→ What the exercise asks
Every line below from the one containing "Rescuers work to" through the one containing "a bathroom with a white" must be transcribed exactly. Omit all lines outside that stretch.

╔══

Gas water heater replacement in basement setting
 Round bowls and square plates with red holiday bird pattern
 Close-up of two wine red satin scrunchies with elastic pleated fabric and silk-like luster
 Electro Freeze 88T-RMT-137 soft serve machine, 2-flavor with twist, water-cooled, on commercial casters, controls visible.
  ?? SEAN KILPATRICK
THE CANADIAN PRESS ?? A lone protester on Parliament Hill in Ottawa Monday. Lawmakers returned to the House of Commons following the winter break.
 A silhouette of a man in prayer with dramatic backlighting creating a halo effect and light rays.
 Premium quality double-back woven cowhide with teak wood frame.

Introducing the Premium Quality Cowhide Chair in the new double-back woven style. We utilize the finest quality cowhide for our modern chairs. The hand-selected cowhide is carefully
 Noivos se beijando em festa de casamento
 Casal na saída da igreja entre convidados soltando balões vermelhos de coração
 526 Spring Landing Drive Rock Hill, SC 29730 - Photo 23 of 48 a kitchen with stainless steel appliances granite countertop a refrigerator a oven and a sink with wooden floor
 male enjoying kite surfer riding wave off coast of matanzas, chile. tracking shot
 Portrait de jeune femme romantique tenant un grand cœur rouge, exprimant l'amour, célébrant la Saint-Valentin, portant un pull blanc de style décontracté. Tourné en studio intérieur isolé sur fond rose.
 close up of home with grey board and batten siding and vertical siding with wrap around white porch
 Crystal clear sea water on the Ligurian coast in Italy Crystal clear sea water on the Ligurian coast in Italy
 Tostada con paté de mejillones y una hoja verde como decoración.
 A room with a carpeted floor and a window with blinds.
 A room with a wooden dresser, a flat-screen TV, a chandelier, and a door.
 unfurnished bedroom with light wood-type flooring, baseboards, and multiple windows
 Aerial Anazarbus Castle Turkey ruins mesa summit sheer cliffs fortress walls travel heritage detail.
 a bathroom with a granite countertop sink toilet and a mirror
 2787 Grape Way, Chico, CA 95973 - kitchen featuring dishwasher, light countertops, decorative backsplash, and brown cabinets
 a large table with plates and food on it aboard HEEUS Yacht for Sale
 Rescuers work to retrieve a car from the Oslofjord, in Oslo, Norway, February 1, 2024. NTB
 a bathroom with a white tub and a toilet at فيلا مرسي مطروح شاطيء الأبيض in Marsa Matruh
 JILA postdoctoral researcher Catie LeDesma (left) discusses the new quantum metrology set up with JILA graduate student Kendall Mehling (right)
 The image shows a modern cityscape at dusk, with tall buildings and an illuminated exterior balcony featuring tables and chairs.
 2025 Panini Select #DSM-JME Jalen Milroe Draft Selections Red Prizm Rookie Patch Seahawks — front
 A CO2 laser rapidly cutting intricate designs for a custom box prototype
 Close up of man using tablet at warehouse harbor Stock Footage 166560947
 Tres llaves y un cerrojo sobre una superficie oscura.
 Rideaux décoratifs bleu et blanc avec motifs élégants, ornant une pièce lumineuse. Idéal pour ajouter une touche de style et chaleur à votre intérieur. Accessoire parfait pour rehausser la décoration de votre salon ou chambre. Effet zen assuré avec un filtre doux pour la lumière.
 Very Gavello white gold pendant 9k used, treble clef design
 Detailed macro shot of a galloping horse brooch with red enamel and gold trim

╚══

→ Solved exercise
 Rescuers work to retrieve a car from the Oslofjord, in Oslo, Norway, February 1, 2024. NTB
 a bathroom with a white tub and a toilet at فيلا مرسي مطروح شاطيء الأبيض in Marsa Matruh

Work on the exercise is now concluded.